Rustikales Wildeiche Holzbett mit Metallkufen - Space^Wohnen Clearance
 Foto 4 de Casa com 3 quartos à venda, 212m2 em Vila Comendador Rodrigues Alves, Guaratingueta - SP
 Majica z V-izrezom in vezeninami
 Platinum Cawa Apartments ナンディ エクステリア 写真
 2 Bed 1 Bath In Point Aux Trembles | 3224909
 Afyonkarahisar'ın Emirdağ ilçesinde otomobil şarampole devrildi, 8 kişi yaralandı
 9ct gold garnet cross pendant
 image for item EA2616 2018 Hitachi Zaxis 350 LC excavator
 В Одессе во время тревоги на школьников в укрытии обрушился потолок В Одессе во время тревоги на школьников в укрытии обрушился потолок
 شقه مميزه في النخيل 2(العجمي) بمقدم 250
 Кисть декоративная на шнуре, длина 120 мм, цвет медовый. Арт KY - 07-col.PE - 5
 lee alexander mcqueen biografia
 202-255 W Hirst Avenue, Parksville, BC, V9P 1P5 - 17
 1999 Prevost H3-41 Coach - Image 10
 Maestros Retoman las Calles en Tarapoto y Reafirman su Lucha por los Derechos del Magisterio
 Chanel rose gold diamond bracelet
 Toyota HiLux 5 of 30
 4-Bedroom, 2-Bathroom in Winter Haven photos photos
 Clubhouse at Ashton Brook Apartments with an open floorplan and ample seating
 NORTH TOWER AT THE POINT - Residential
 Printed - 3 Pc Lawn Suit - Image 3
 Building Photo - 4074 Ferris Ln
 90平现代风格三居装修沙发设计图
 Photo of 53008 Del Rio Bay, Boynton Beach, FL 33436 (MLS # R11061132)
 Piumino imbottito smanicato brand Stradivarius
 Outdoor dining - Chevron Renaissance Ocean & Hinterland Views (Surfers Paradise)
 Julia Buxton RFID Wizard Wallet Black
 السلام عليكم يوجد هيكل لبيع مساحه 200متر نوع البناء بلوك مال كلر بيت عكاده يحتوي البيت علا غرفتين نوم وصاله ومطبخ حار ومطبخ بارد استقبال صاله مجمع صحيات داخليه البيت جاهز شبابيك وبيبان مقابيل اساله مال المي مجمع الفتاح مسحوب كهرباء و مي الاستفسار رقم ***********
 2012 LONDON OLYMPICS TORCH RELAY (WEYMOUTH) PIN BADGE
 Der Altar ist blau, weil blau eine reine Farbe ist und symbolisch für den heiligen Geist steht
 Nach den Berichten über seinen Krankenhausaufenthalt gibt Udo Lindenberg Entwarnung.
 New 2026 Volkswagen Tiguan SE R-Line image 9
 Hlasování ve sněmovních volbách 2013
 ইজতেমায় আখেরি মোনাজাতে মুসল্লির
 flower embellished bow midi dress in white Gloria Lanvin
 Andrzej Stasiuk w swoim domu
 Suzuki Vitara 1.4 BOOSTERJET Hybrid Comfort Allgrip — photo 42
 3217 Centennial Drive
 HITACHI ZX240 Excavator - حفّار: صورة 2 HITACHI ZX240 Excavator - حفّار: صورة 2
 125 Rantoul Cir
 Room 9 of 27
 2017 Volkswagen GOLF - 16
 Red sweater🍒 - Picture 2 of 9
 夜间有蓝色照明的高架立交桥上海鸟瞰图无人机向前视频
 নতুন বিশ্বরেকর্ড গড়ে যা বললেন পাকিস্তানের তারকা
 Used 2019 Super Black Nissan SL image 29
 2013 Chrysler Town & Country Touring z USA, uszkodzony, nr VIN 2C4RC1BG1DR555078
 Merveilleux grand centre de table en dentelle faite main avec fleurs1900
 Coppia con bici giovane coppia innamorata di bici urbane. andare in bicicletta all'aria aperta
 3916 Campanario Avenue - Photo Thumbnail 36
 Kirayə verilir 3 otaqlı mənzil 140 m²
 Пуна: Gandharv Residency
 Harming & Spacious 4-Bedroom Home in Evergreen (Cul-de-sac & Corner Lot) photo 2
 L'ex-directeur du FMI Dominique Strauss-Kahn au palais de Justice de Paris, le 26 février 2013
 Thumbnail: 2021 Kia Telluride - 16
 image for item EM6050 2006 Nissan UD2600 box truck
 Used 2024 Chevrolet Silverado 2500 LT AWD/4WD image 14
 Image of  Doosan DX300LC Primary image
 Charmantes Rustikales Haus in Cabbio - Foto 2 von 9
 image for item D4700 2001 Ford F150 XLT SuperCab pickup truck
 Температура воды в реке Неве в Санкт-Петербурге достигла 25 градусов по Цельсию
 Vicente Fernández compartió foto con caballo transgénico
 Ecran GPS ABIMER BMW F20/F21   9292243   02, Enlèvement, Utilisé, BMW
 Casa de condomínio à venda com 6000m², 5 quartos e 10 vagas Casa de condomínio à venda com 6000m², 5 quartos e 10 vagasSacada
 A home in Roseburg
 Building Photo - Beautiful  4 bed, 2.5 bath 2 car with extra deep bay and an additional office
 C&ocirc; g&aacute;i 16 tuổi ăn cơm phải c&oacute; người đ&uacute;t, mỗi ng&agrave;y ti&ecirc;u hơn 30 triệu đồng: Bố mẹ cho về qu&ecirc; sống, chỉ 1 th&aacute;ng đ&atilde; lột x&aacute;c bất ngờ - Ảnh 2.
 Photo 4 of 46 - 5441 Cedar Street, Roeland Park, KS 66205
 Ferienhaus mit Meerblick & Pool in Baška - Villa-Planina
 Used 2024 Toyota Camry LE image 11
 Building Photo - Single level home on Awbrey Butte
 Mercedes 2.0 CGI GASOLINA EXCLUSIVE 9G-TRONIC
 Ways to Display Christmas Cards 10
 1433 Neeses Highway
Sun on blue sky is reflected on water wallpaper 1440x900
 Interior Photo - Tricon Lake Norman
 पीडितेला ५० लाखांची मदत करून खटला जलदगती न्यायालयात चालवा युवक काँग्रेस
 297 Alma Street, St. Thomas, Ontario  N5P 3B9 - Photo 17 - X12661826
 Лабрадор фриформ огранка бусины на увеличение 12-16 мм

▶ Assignment
Return each line above where the word "Avenue" shows up.

▶ Exercise answer
 202-255 W Hirst Avenue, Parksville, BC, V9P 1P5 - 17
 3916 Campanario Avenue - Photo Thumbnail 36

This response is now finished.